◆ Task details
In the data below, locate the line containing "An orange cinnamon" and the line containing "Couple dancing beside", then retype both and everything between them exactly. Pictures are not part of the copy.

◆ Records for the task

|---|

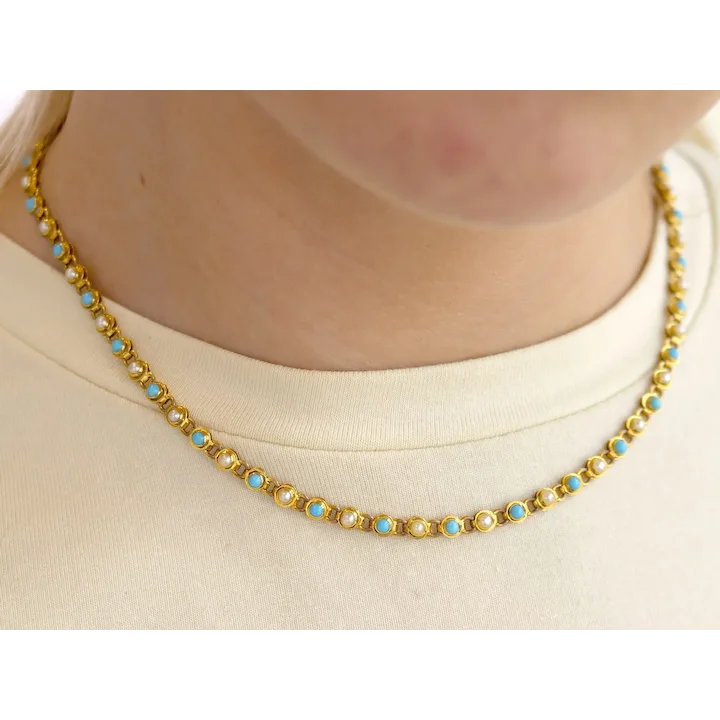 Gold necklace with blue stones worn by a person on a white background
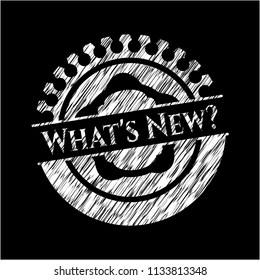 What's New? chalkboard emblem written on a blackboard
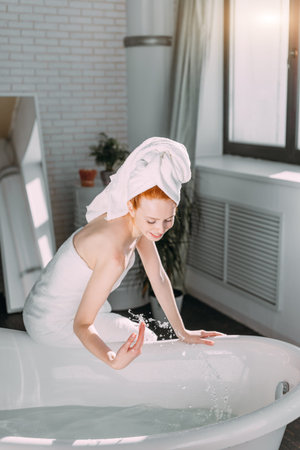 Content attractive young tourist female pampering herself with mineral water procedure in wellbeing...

|---|

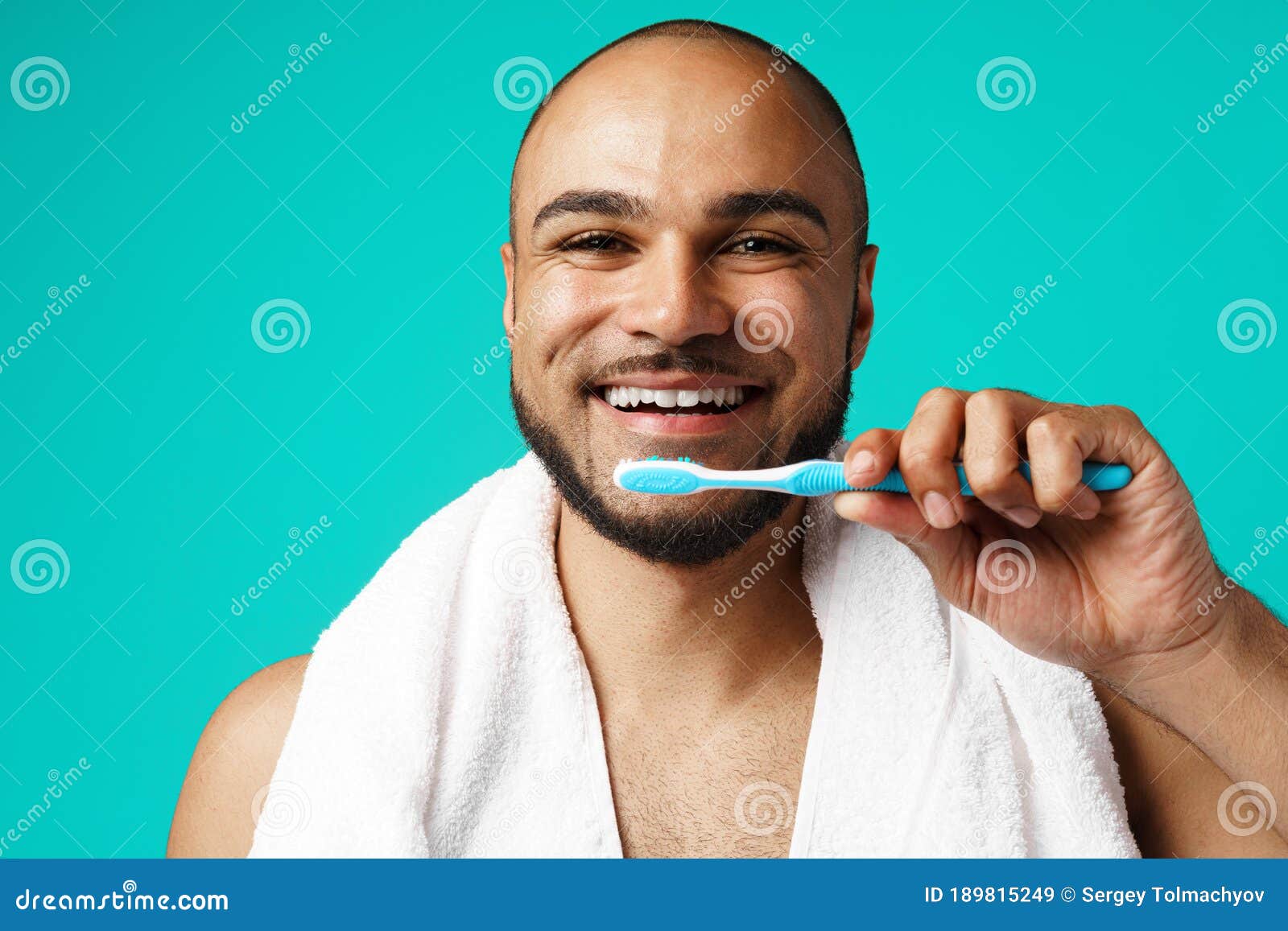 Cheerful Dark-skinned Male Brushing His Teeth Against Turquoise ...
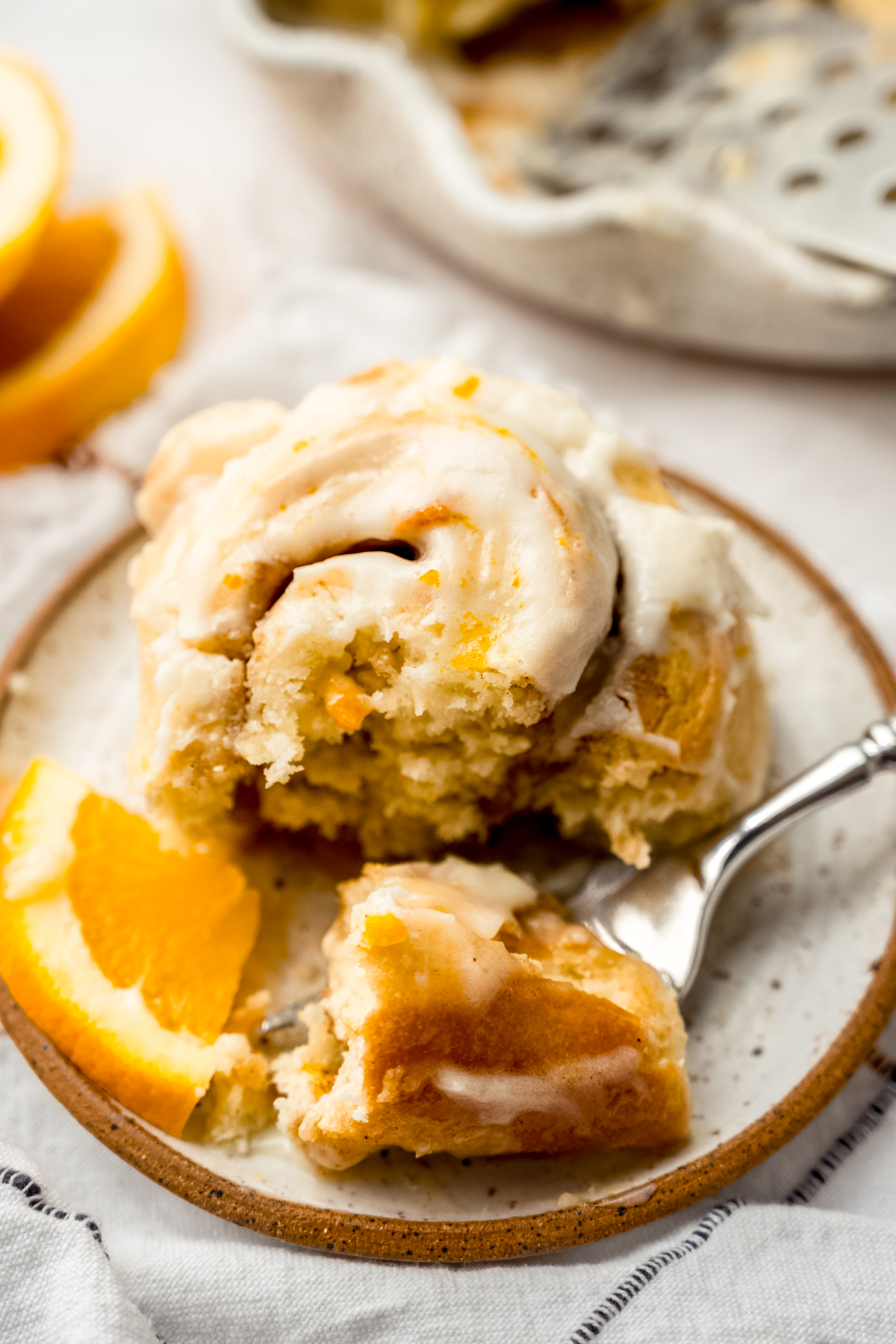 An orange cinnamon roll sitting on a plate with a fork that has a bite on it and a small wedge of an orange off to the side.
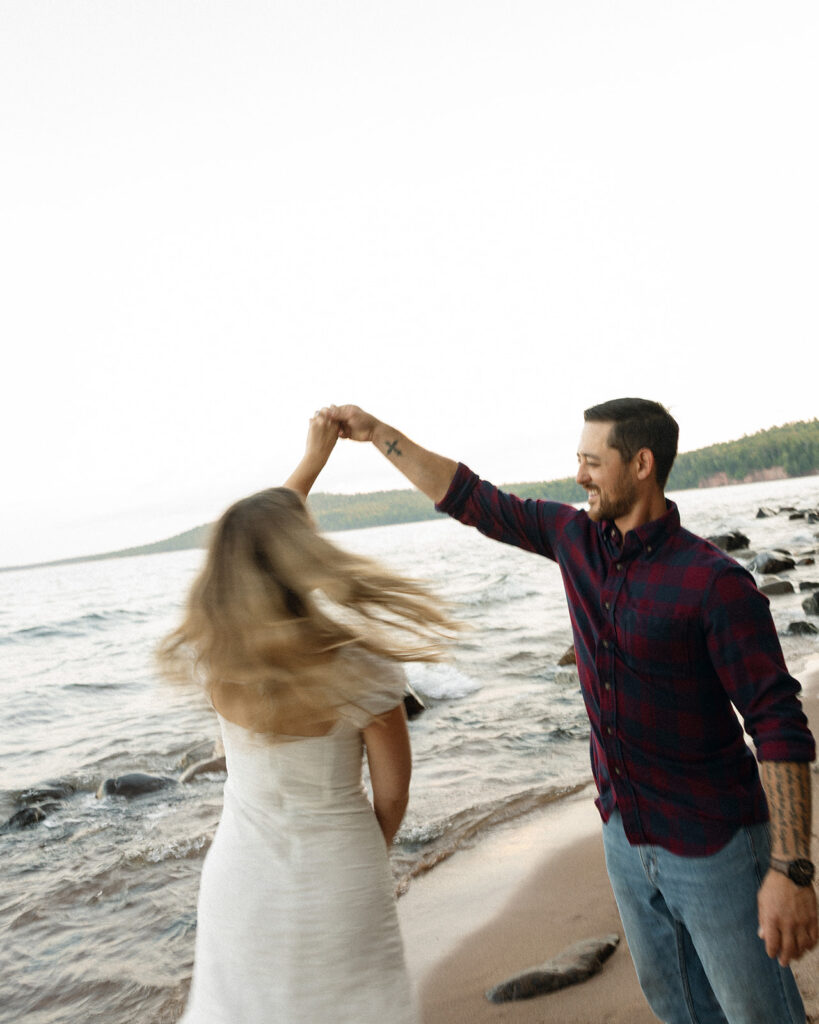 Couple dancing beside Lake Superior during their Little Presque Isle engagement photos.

|---|

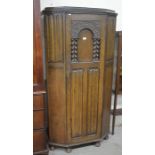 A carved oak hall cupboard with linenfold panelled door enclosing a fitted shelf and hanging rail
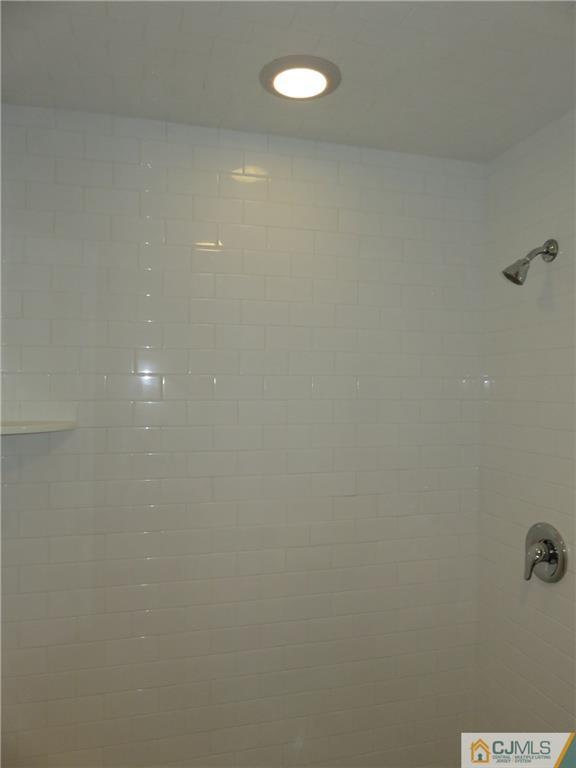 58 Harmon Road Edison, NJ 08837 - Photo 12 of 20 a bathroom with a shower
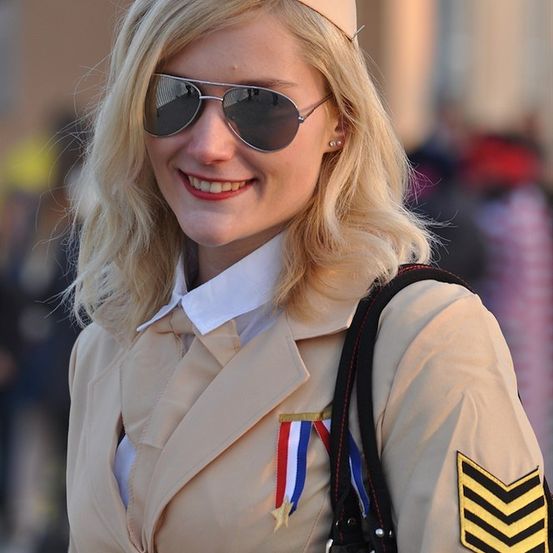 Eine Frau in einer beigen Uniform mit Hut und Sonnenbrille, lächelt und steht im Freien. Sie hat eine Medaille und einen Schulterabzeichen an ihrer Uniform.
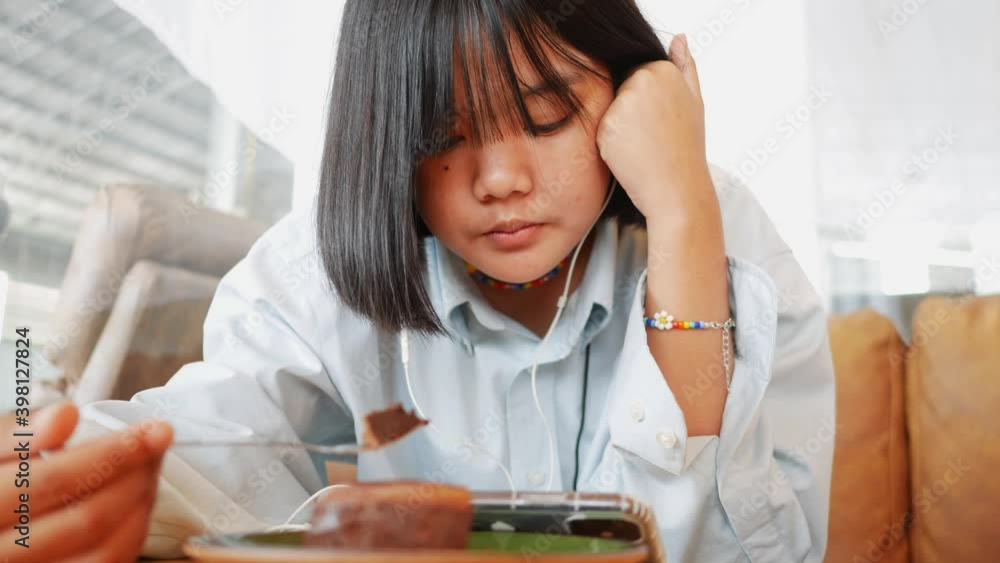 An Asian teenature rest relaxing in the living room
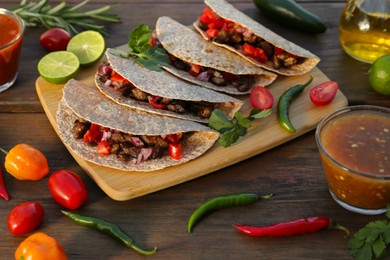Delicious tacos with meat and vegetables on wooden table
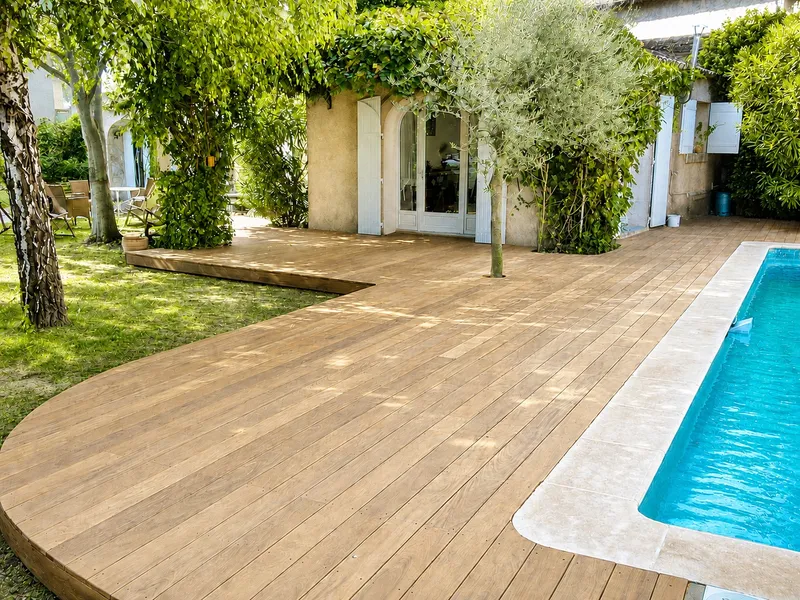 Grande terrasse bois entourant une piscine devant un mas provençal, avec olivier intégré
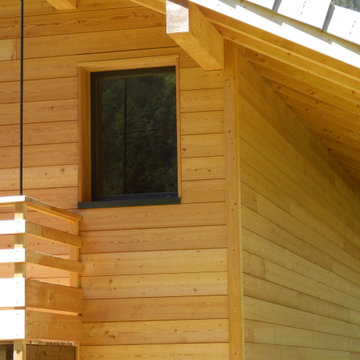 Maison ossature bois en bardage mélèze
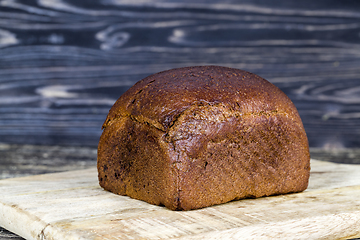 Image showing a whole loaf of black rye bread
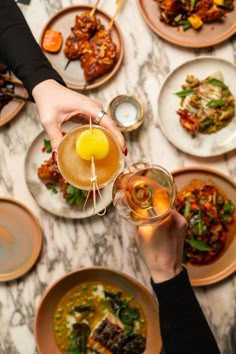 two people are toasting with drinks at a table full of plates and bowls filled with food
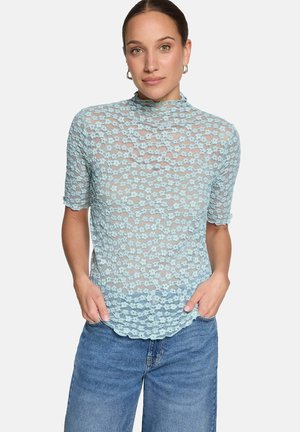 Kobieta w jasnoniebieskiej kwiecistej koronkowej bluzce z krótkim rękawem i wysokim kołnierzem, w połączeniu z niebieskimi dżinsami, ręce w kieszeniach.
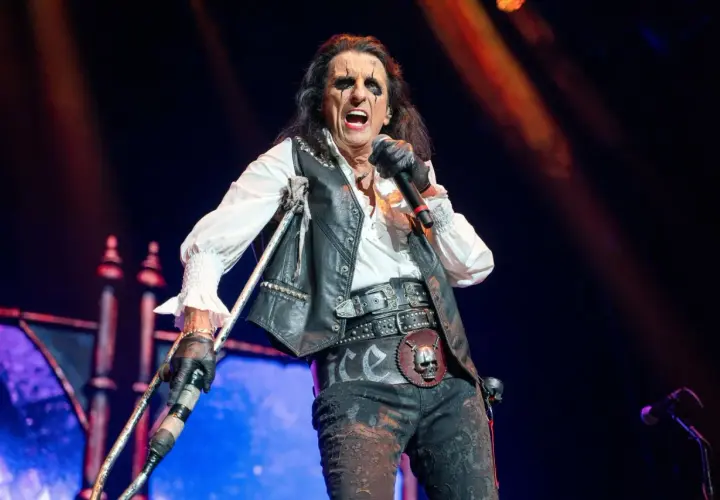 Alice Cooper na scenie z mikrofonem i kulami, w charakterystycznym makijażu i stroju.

|---|

◆ Exercise output
 An orange cinnamon roll sitting on a plate with a fork that has a bite on it and a small wedge of an orange off to the side.
 Couple dancing beside Lake Superior during their Little Presque Isle engagement photos.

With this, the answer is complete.